Resolving inter-state water sharing disputes.
Publication Type:Journal Articles
Source:Seminar, Malvika Singh, Number 626, p.31–35 (2011)
WATER does not respect any boundary. Most of the larger rivers in India meander through the administrative boundaries of the Indian federal system. Sometimes a river itself is the boundary: the Indravati forms the boundary between Maharashtra and Chhattisgarh for a part of its flow. Often rivers mark metaphorical boundaries as well: the Ganga is the vehicle to the heavens whereas the Vaitarani marks the crossing from this world of mortals to an infernal one. Therefore, in a fundamental sense, all rivers are transboundary. But for our somewhat mundane discussion, it?s the wayward rivers that do not obey the diktats of human cartographic exercises that end up being marked and categorized as transboundary. For our purpose, we focus on rivers that arise in one province of India but end up in another.
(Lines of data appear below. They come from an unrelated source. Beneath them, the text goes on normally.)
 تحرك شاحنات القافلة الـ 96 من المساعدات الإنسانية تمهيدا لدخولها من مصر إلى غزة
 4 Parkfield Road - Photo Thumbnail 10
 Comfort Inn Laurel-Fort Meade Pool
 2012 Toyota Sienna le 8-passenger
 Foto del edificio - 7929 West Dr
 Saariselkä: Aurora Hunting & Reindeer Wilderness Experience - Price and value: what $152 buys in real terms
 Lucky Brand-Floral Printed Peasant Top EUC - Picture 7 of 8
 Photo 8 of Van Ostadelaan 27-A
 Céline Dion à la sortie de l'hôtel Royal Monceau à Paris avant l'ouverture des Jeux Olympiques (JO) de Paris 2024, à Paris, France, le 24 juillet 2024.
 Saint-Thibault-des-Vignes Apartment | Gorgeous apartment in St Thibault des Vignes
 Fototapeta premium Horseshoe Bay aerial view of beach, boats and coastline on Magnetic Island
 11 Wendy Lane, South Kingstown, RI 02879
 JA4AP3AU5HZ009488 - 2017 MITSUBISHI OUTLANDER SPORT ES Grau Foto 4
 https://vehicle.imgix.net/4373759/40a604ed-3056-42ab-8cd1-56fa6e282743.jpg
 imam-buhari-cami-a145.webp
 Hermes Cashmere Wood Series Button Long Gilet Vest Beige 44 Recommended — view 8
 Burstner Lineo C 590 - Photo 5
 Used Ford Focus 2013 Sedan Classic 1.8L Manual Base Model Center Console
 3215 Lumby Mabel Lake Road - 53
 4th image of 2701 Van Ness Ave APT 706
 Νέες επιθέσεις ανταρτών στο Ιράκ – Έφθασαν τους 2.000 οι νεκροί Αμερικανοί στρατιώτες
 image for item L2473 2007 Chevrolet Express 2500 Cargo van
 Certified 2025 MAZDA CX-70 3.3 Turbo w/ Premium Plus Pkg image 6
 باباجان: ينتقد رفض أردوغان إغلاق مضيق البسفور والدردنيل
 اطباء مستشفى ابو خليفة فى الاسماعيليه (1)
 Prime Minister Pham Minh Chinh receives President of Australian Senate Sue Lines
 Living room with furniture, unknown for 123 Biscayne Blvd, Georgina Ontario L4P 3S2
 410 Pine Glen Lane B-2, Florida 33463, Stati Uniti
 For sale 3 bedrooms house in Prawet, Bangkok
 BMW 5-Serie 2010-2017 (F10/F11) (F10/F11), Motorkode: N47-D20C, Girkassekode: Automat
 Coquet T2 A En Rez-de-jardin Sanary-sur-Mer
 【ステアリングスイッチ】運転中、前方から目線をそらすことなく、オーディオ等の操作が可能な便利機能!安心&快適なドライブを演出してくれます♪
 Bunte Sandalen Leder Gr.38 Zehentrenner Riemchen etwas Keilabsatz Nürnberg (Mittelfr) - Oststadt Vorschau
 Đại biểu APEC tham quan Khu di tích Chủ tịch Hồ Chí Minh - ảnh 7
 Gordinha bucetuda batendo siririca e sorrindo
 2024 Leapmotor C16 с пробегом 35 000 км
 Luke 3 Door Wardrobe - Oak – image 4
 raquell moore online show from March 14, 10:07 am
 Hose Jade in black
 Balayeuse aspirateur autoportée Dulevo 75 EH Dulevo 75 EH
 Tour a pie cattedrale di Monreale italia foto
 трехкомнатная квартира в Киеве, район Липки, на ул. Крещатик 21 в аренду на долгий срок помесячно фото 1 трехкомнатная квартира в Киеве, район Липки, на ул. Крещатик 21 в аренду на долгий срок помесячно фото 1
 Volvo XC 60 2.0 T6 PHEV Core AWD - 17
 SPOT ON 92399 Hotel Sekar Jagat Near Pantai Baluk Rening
All of the longer and major rivers in India are transboundary rivers: the Mahanadi originates in Amarkantak in Chhattisgarh and crosses over into Orissa before finding its way to the Bay of Bengal; the Chambal rises near Mhow in Madhya Pradesh before meandering for more than 900 kilometres to the Yamuna in Uttar Pradesh, after having acquired the formidable reputation as a river of the badlands.